Associations Between Drug Levels and the Risk of Malaria and Drug Resistance in the Setting of Seasonal Malaria Chemoprevention in Bobo-Dioulasso, Burkina Faso

In areas of the Sahel sub-region of Africa with intense seasonal malaria transmission, seasonal malaria chemoprevention (SMC) with sulfadoxine-pyrimethamine and amodiaquine (SP+AQ) has become the standard-of-care for the prevention of malaria in children. Despite the scale-up of SMC across West Africa, the malaria burden remains high. Reasons for this are not well understood, however, it is hypothesized that children eligible for SMC who get malaria may be underdosed or may have not received SP+AQ. Moreover, there are major concerns that the continued use of the SMC strategy may increase selection of AQ and/or SP-resistant Plasmodium falciparum parasites. The overall objective of this observational study are to understand the factors driving malaria among children eligible to receive SMC and whether circulating levels of sulfadoxine (SDX), pyrimethamine (PYR), and AQ are associated with risks of malaria and antimalarial drug resistance.

Study Overview

Status

Completed

Conditions

Detailed Description

In areas of the Sahel sub-region of Africa with intense seasonal malaria transmission, seasonal malaria chemoprevention (SMC) with sulfadoxine-pyrimethamine and amodiaquine (SP+AQ) has become the standard-of-care for the prevention of malaria in children.

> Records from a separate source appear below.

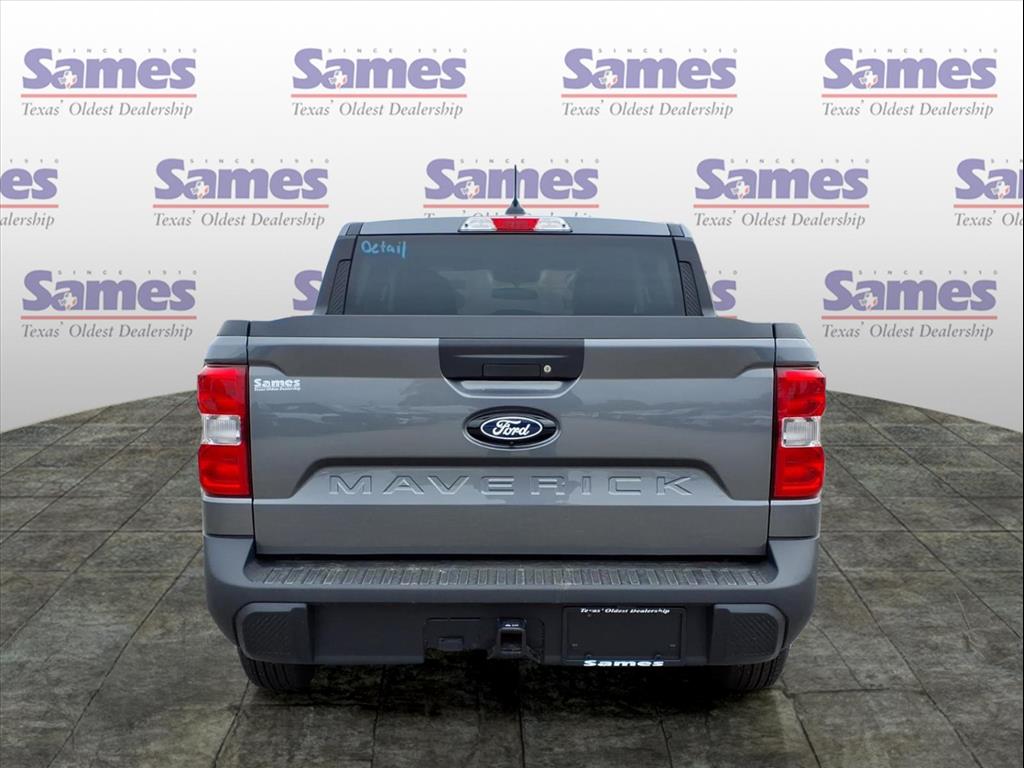 New Car 2025 Ford Maverick  Xlt For Sale Under $35,000 In Bastrop, Texas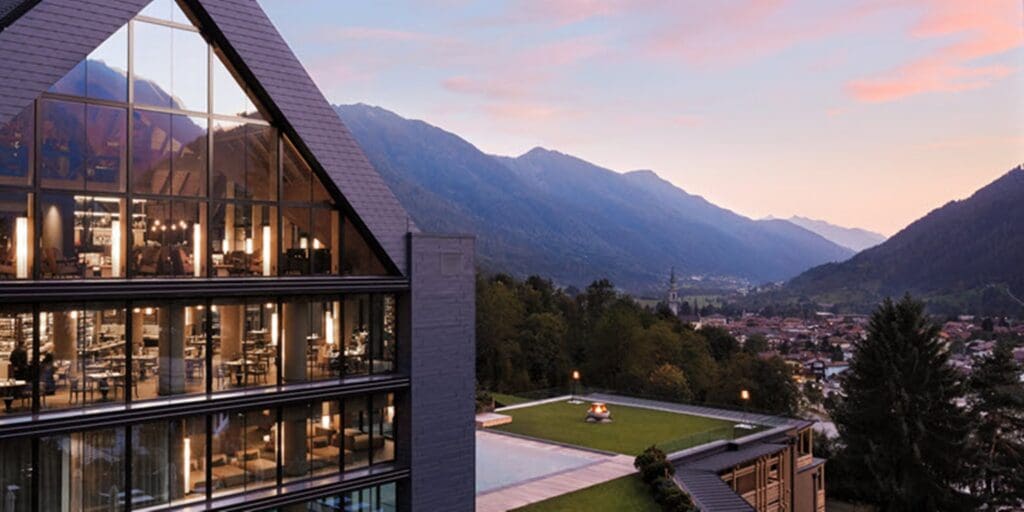 hotels EU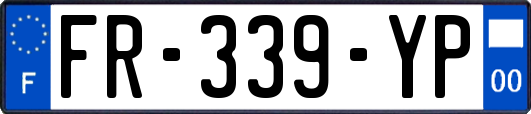 FR-339-YP
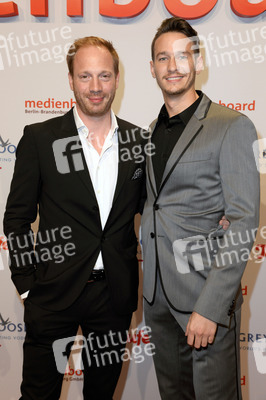 Medienboard Berlin-Brandenburg Empfang, Berlinale 2014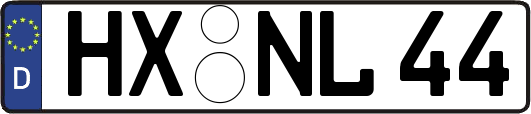HX-NL44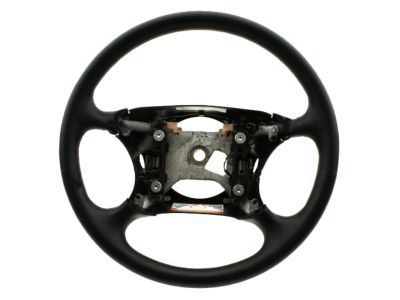 Ford F87Z-3600-AAD Steering Wheel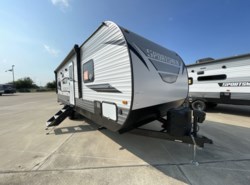 New 2021 K-Z Sportsmen LE 250TH available in Fort Worth, Texas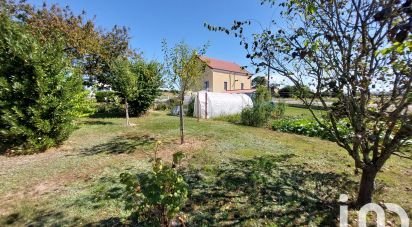 Maison 5 pièces de 120 m² à Ciry-le-Noble (71420)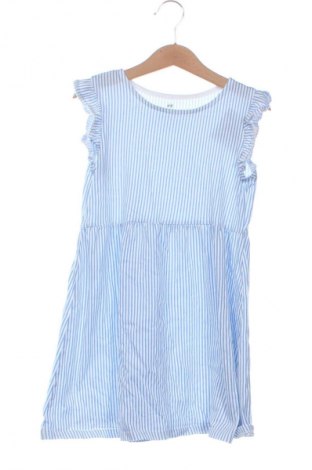 Kinderkleid H&M, Größe 6-7y/ 122-128 cm, Farbe Mehrfarbig, Preis € 12,23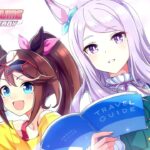 無課金ウマ娘 新育成シナリオ『無人島へようこそ -DESIGN YOUR ISLAND-』検証中③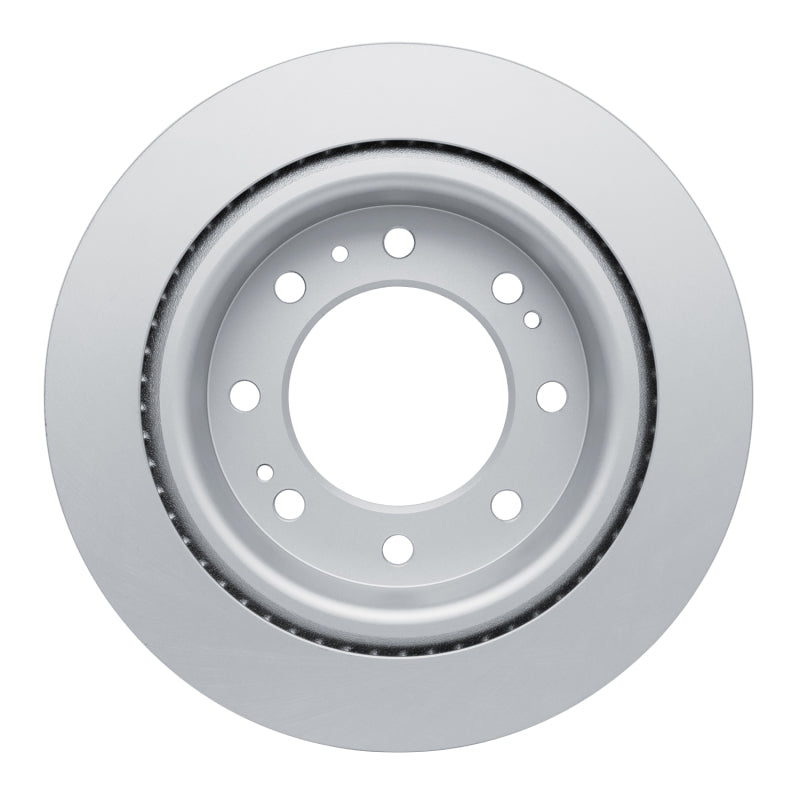 R1 22-26 Cadillac Escalade IQL Rear GeoSPEC Coated Rotor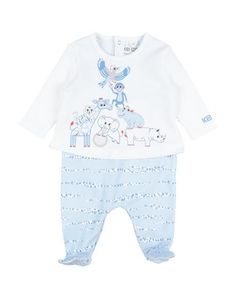 Детский комбинезон Kenzo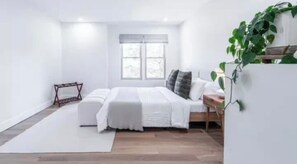 Internet y ropa de cama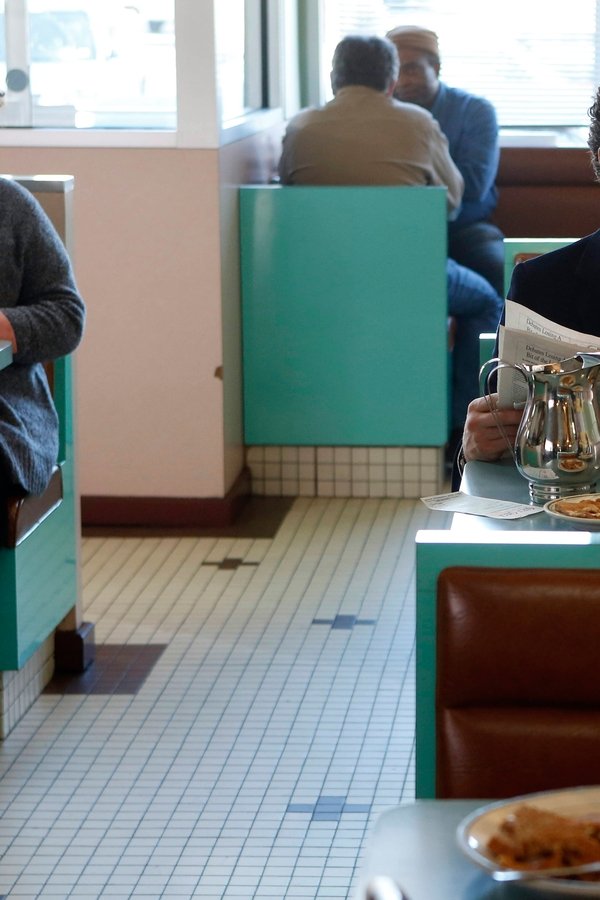 The Americans – S01E03 – Per un amico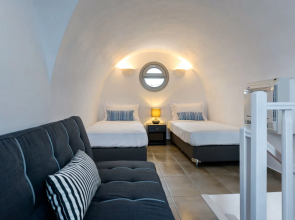 White Harmony Suites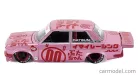DATSUN  510 N 00 PRO STREET BUTA V1 1969  PINK MET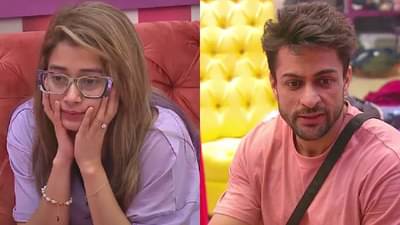 Bigg Boss 16 | सलमान खान याच्या बोलण्यानंतर टीना दत्ता झाली भावूक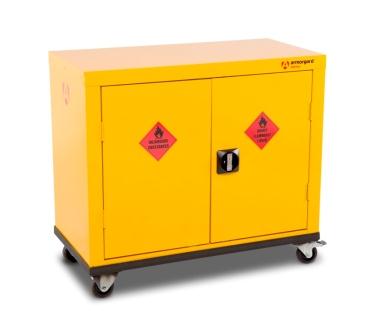 Armorgard Safestor Hazardous Cabinets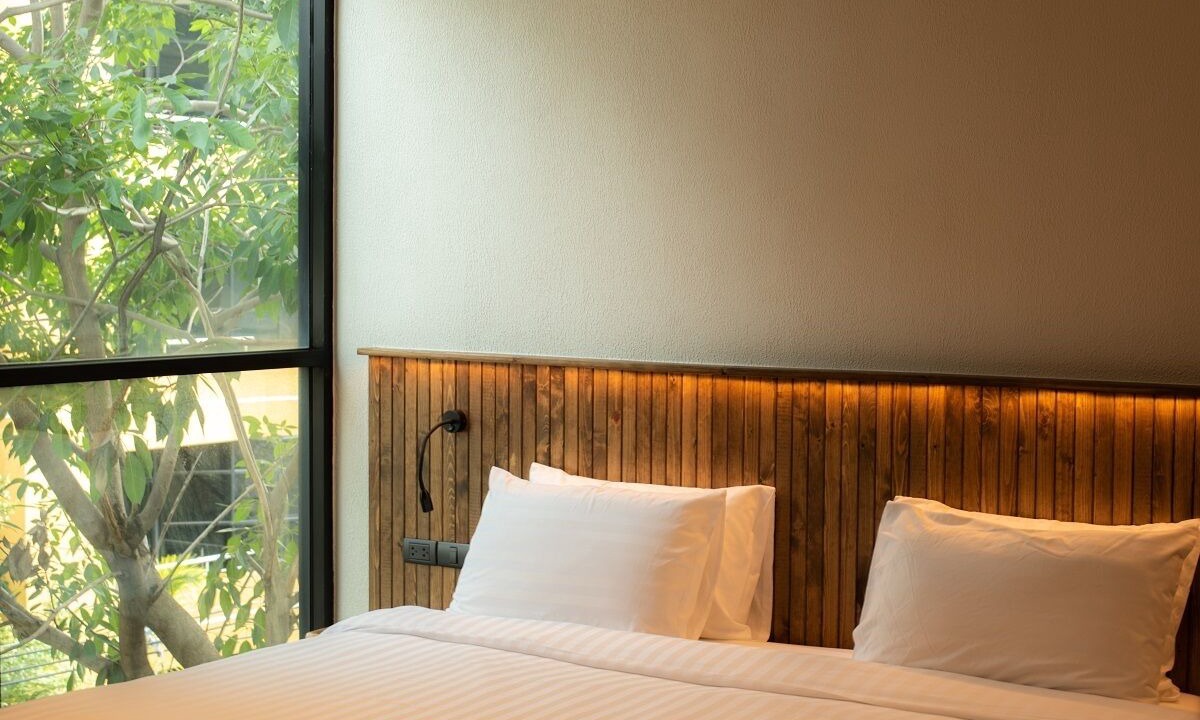Photo of Bedroom in Khlong Tan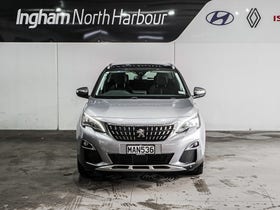 2019 Peugeot 3008 | CROSSWAY 1.6PT/6AT | 30877 | 6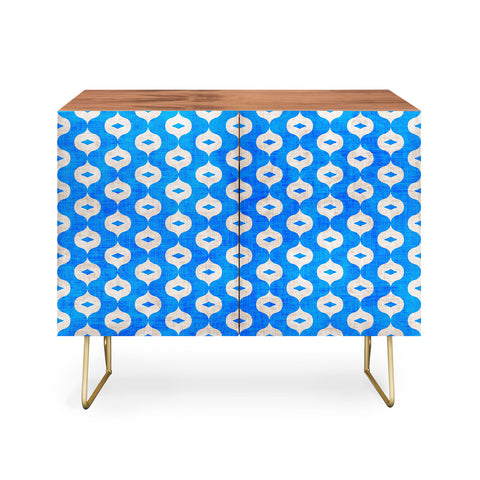 Holli Zollinger Casbah Drop Credenza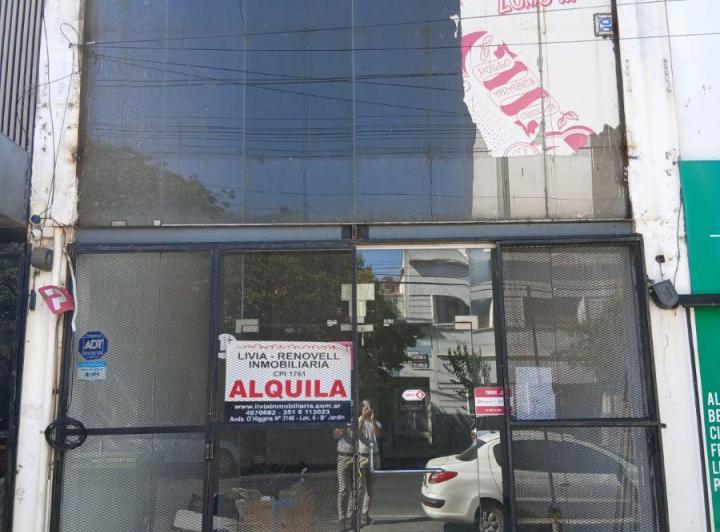 Local comercial · 70m²
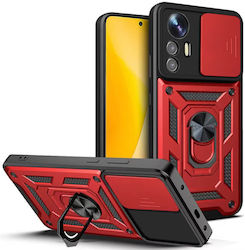 Bodycell Slide Cover Umschlag Rückseite Silikon...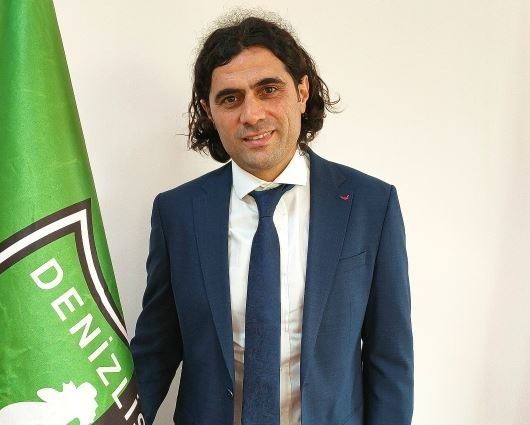 SERHAT GÜRPINAR-DENİZLİSPOR- 2.LİG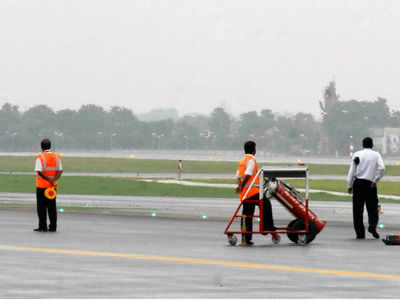 Identify land for second airports, AAI tells states
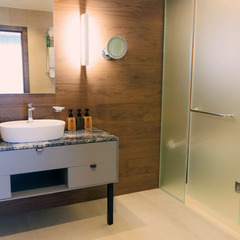 Отель 7Peaks Family Resort, Республика Карачаево-Черкесия 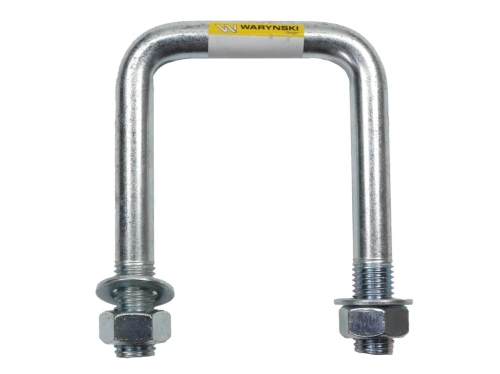 Jarzmo Cybant M20 92x140 Waryński 2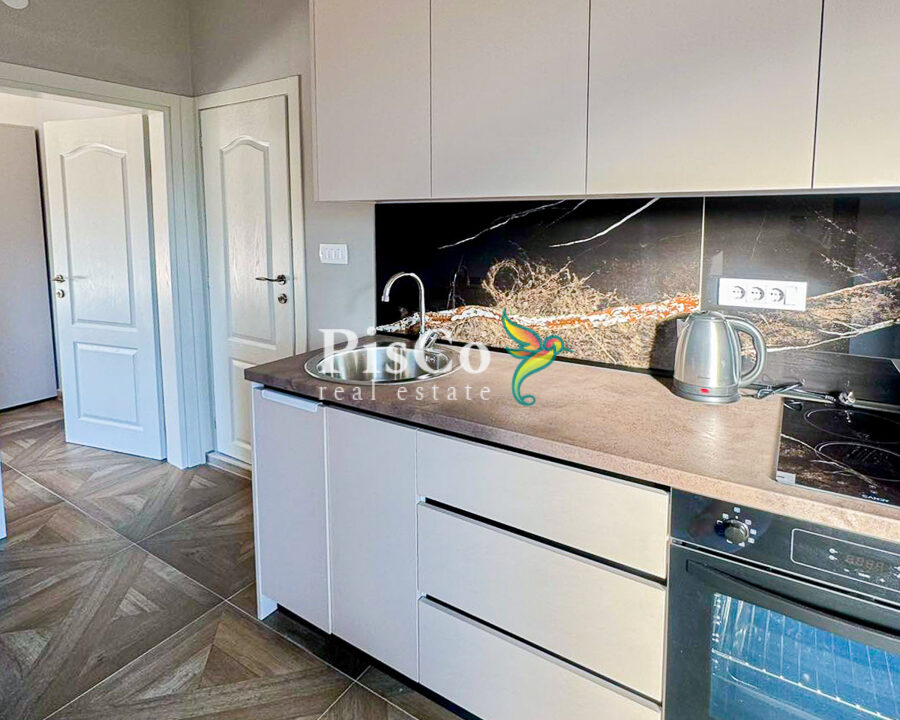 Izdavanje, Jednosoban stan 36m2, Podgorica,City Kvart-044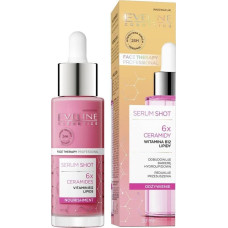 Xxxx__Eveline Cosmetics (Eveline) Eveline Serum Shot kuracja odżywcza 6x ceramidy 30ml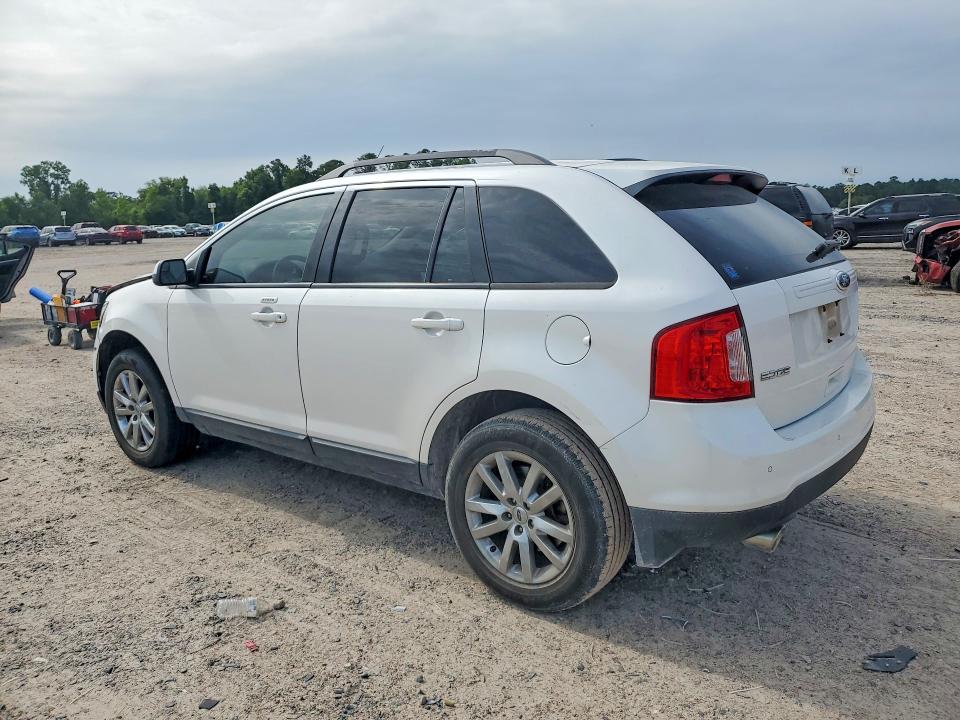 Aukcja sprzedaży 2014 Ford Edge, vin: 2FMDK3JC0EBB75081, numer aukcji: 52454616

Despite the scale-up of SMC across West Africa, the malaria burden remains high. Reasons for this are not well understood, however, it is hypothesized that children eligible for SMC who get malaria may be underdosed or may have not received SP+AQ. Moreover, there are major concerns that the continued use of the SMC strategy may increase selection of AQ and/or SP-resistant Plasmodium falciparum parasites. The overall objective of this observational study are to understand the factors driving malaria among children eligible to receive SMC and whether circulating levels of sulfadoxine (SDX), pyrimethamine (PYR), and AQ are associated with risks of malaria and antimalarial drug resistance. The specific objectives of this study are as follows:

  1. To determine associations between the levels of exposure to the components of SP+AQ (SDX, PYR, and AQ) and malaria risk.
  2. To determine associations between levels of exposure to the components of SP+AQ and the prevalence of P. falciparum genetic polymorphisms associated with drug resistance.
  3. To compare the prevalence of genetic polymorphisms associated with SP+AQ resistance between parasites infecting children eligible to receive SMC and those infecting older children ineligible to receive SMC.
  4. To assess whether the prevalence of genetic polymorphisms associated with SP+AQ resistance changes over time.

Study Type

Observational

Enrollment (Actual)

310

Contacts and Locations

This section provides the contact details for those conducting the study, and information on where this study is being conducted.

Study Locations

  • Burkina Faso
      • Bobo-Dioulasso, Burkina Faso
        • Colsama Health Facility
      • Bobo-Dioulasso, Burkina Faso
        • Sakaby Health Facility

Participation Criteria

Researchers look for people who fit a certain description, called eligibility criteria. Some examples of these criteria are a person's general health condition or prior treatments.

Eligibility Criteria

Ages Eligible for Study

6 months to 10 years (Child)

Accepts Healthy Volunteers

N/A

Sampling Method

Non-Probability Sample

Study Population

The target population will be children residing in the catchment areas of study health facilities within Bobo-Dioulasso, Burkina Faso.

Description

The inclusion criteria will differ for each group enrolled into the study:

Inclusion criteria for Group 1 (Children 6-59 months of age diagnosed with uncomplicated P. falciparum malaria):

  • Aged 6-59 months
  • Resident of health facility catchment area
  • Provision of parental consent
  • Fever (temperature of ≥37.5°C) or history of fever in the past 24 hours
  • Confirmed P. falciparum parasitemia by RDT and/or microscopy

Inclusion criteria for Group 2 (Children 6-59 months of age without malaria):

  • Aged 6-59 months
  • Resident of health facility catchment area
  • Provision of parental consent
  • Negative for P. falciparum parasitemia by RDT and/or microscopy

Inclusion criteria for Group 3 (Children 5-10 years of age diagnosed with uncomplicated P. falciparum malaria):

  • Aged 5-10 years
  • Resident of health facility catchment area
  • Provision of parental consent
  • Fever (temperature of ≥37.5°C) or history of fever in the past 24 hours
  • Confirmed P. falciparum parasitemia by RDT and/or microscopy

The exclusion criteria for all children are as follows:

  • Refusal to participate
  • Residence outside of health facility catchment areas
  • Known treatment of malaria (not SMC) in the past 14 days
  • Danger signs (lethargy, unable to drink or breast feed, repeated vomiting, unable to stand or sit due to weakness)
  • Signs of severe malaria, including altered conscious, respiratory distress (rapid breathing), severe anemia (<5 g/dL), or other signs of organ dysfunction.
  • Non-malarial illness that is severe or prevents necessary study procedures

Study Plan

This section provides details of the study plan, including how the study is designed and what the study is measuring.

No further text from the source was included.